Oguchi et al. (18) reported that the iron-saturated LF isoform stimulated the proliferation of confluent (mature) Caco-2 cells, whereas the iron-unsaturated form suppresses it. In contrast, Nichols reported that iron is not required for LF-induced growth of enterocyte (33). Iron saturation of N-LF is 10% in human milk and does not change during lactation (34). Our data indicate that the effects by LF on Caco-2 partially depend on iron saturation. In conclusion, the results of this research show that LF induces intestinal cell growth and differentiation and it does this in a concentration-dependent fashion, providing an explanation for the age-dependent concentration pattern of LF in human milk. At high concentrations, LF acts as an optimal intestinal growth factor, whereas at low concentrations, it induces intestinal differentiation and a strong inhibition of cell growth. In addition, LF biologic effects are observed in immature Caco-2 only. As a result, there is probably an excess of crypt-type enterocytes that have an ion secretory rather than an absorptive pattern in the very early phase after birth (35). This probably promotes the fluidification and elimination of meconium. Interestingly, the developmental pattern of LF corresponds to that described for guanylate cyclase activity (36), a regulator of enterocyte ion transport channels, and also of cell proliferation, which also peaks in the first 3 d of life (37). Recent data on the guanylate cyclase endogenous ligand, guanylin, suggest that fluidification of intestinal content is regulated developmentally to promote meconium output (38). By promoting rapid proliferation of immature enterocytes that are in a secretive ion transport state, LF could be a key component of this complex interplay.

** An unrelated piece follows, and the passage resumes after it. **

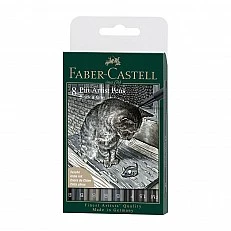 Faber-Castell Маркер-четка Pitt Artist, черно-сива, 8 броя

Finally, our data also have practical implications. They indicate that bovine LF exerts effects on human intestinal cells that are similar to those induced by the human isoform. The comparative experiments showed that bovine isoform is even more potent than human LF in inducing cell growth and lactase expression. LF has been proposed for a number of therapeutic purposes in human disorders, including intestinal inflammation, cancer prevention, and rotavirus infection (3941). Our findings add to this concept and suggest that bovine LF could be used as a functional component of infant formula to promote intestinal epithelial growth and differentiation. This effect is highly desirable, particularly in premature newborn infants or in intestinal diseases associated with epithelial atrophy.